Any suggestions on books regarding this subject?

Thanks


----------



## Just Bill (Dec 21, 2008)

Flashing won't do much and is not easy to install, if I understand what you are describing. A concrete patio up against a brick wall, correct. If there is a large gap, fill it with foam backer rod and caulk with self leveling urethane caulk. If the gap is small, just caulk. That is urethane caulk, not urethane foam, big difference.


----------



## exqssme (Jul 23, 2009)

Just Bill,

Thanks for responding

Yes...it is a 3 story brick house built in 1941....the concrte porch is on 2nd story in front of house......it cannot be removed since it is over part of the 1st floor and garage....the exact pont of the leak is very hard to find....the house has been pointed, caulked along all joints, the porch been tiled, and a waterproofing solution has been applied....All only helped for about six months. 

Similar house in the neighbood have the same problem.....some had an awning installed so the entire porch is covered and this appears to have helped.....We do not want an awning

Many times I have hosed down the house while someone was in the basement....I can create the leak but cannot locate the source.

The ceiling inside the house has been opened up to see where water is coming in but this has been unsuccessful

Is there any type of barrier that can be put down (and removed) in small sections to help find the source of the leak?
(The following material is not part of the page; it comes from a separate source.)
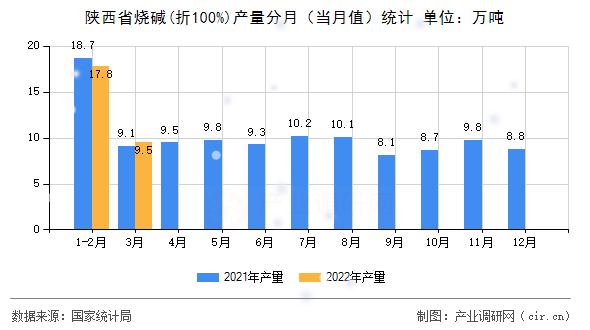 陜西省燒堿(折100%)產(chǎn)量分月（當(dāng)月值）統(tǒng)計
I figure I canapply the barrioer where the porch meets the house hose down the house .....the house if not exactly level & if i start from the lowest point and work my way backwards maybe i can isolate the area.

Thanks for your time


----------



## Just Bill (Dec 21, 2008)

Without seeing the situation, all I can do is suggest good caulking. Self leveling(free flowing) urethane caulk will seek out spots you can't necessarily see. That joint between the house and floor could have un unseen hole, or there could be a crack in the concrete. You said it was tiled, are all the grout joints solid, no cracks???


----------